-- PROVIDED MATERIAL follows --

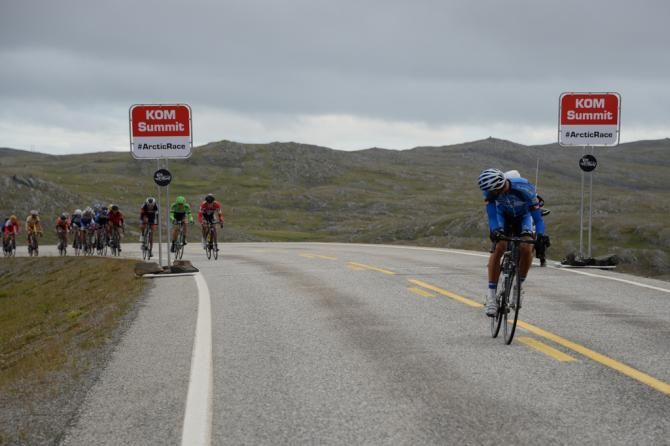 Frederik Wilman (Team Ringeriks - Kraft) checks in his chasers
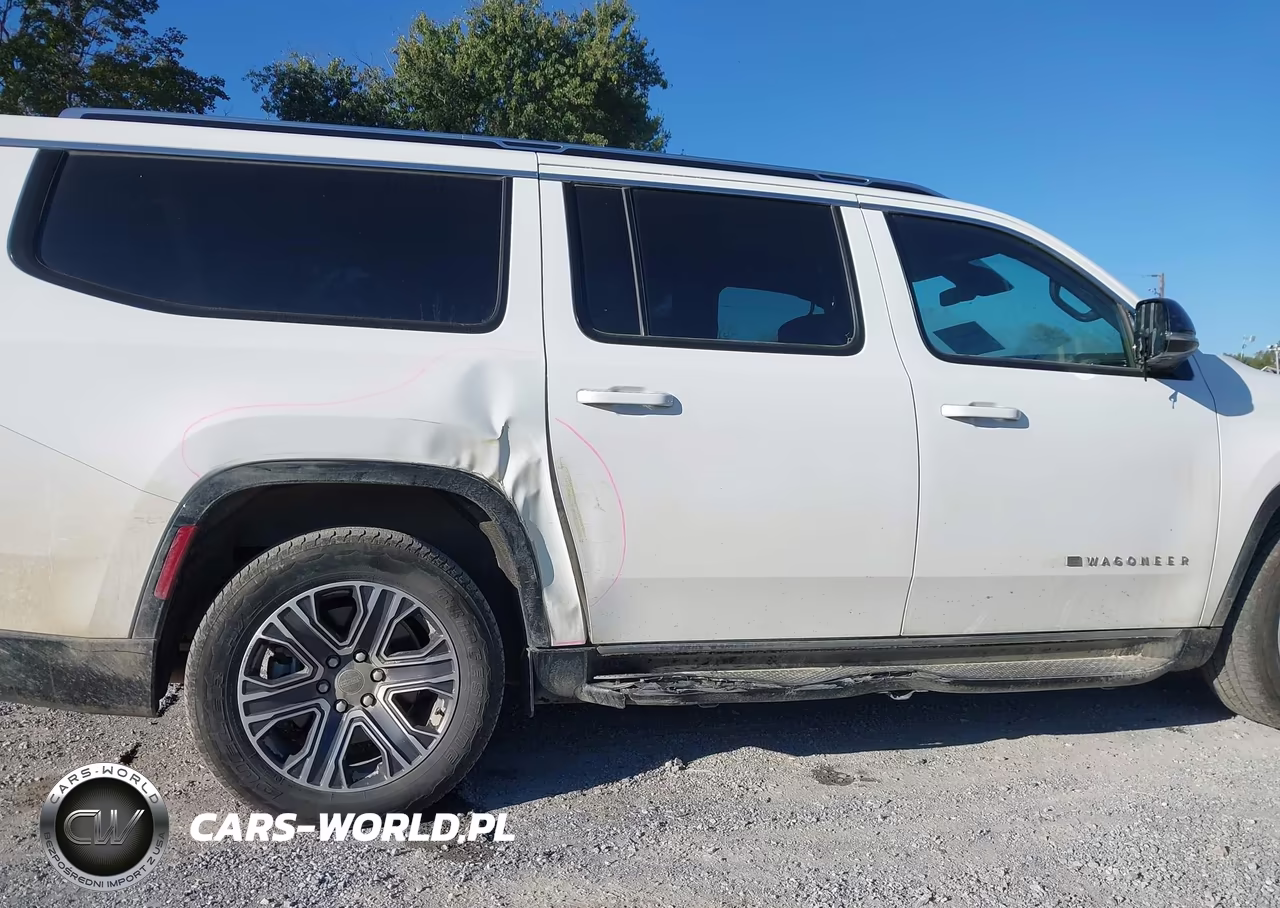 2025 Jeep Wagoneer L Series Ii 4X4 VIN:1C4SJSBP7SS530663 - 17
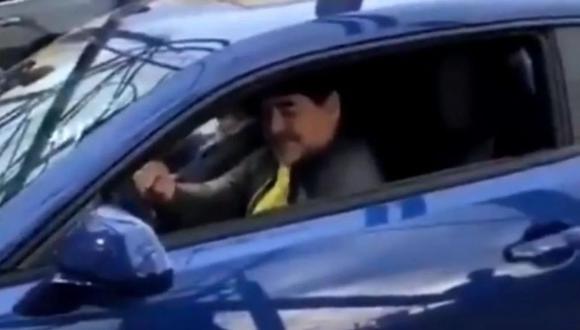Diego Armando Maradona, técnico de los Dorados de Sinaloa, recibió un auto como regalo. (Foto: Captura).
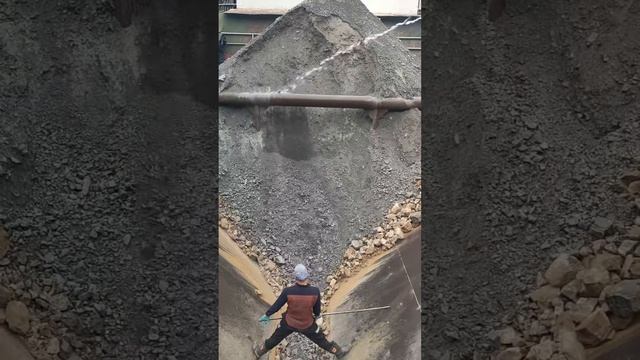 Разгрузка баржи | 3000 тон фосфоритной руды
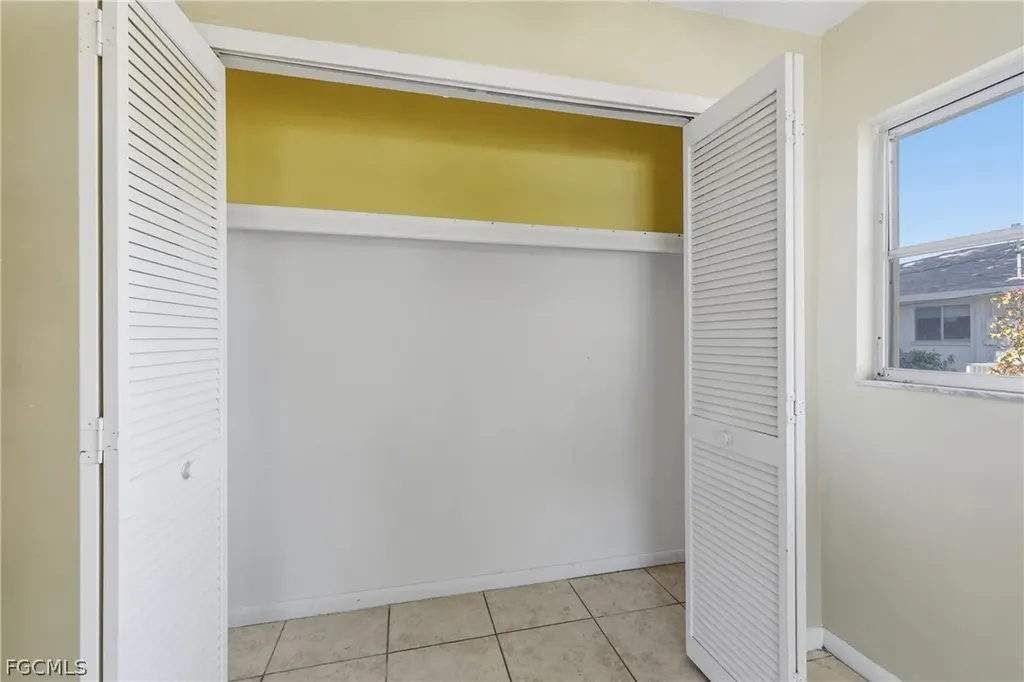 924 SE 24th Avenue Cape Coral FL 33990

-- PROVIDED MATERIAL concluded --

> TASK OBJECTIVE:
Exactly as they appear, print the lines of the listing above from its first line through the line that contains "Diego Armando Maradona, técnico", minus the pictures.

> SOLVED PROBLEM:
 Frederik Wilman (Team Ringeriks - Kraft) checks in his chasers
 2025 Jeep Wagoneer L Series Ii 4X4 VIN:1C4SJSBP7SS530663 - 17
Diego Armando Maradona, técnico de los Dorados de Sinaloa, recibió un auto como regalo. (Foto: Captura).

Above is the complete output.